# [Problem to solve]
Of all the lines below, output only those starting at the one with "Vintage Prada 1990s" and ending at the one with "Portrait of young woman drinking glass", both ends included, exactly as written.

# [Data for this task]

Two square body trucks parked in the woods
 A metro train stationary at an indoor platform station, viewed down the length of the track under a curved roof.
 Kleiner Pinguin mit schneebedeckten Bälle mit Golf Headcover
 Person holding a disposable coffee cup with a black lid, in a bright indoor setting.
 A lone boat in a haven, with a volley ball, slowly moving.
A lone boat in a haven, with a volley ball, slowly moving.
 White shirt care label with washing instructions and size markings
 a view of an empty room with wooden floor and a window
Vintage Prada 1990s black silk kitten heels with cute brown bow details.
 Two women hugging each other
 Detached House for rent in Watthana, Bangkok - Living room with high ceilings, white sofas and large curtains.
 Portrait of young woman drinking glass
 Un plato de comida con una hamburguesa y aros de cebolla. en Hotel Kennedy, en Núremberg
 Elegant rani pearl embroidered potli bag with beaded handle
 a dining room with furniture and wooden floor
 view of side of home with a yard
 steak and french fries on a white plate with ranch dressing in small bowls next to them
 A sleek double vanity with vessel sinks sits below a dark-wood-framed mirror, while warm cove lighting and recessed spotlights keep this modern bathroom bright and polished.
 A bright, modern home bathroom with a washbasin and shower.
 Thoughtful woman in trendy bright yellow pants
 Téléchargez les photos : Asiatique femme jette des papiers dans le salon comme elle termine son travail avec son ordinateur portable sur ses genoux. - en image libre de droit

# [Answer to this problem]
Vintage Prada 1990s black silk kitten heels with cute brown bow details.
 Two women hugging each other
 Detached House for rent in Watthana, Bangkok - Living room with high ceilings, white sofas and large curtains.
 Portrait of young woman drinking glass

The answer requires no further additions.